§ **TASK STATEMENT**
Repeat the data that follows, word for word, without the images.

§ **COLLECTED DATA**
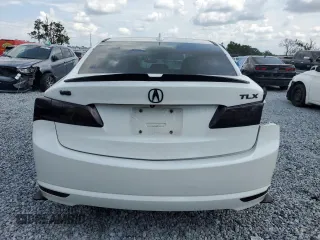 2015 Acura TLX Technology z VIN 19UUB2F59FA018902, wystawiony jako Copart lot #58741355 z przebiegiem 91 266 mil mil oraz Szkoda całkowita • Salvage title. Historia ofert i sprzedaży dostępna na DreamBid. Obrazek 6.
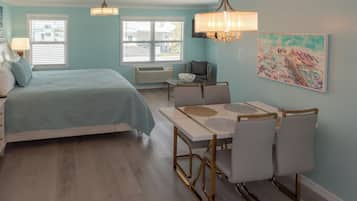 1 slaapkamer, beddengoed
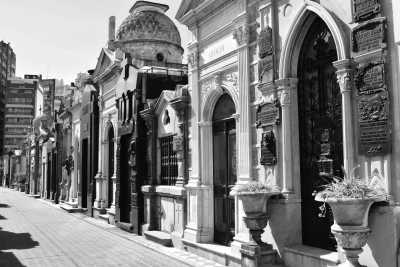 South America - Cementerio de la Recoleta - Discover Buenos Aires: A Guided Coworking Journey with a Local Expert + Colonia del Sacramento (Uruguay) - 1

§ **EXERCISE RESULT**
 2015 Acura TLX Technology z VIN 19UUB2F59FA018902, wystawiony jako Copart lot #58741355 z przebiegiem 91 266 mil mil oraz Szkoda całkowita • Salvage title. Historia ofert i sprzedaży dostępna na DreamBid. Obrazek 6.
 1 slaapkamer, beddengoed
 South America - Cementerio de la Recoleta - Discover Buenos Aires: A Guided Coworking Journey with a Local Expert + Colonia del Sacramento (Uruguay) - 1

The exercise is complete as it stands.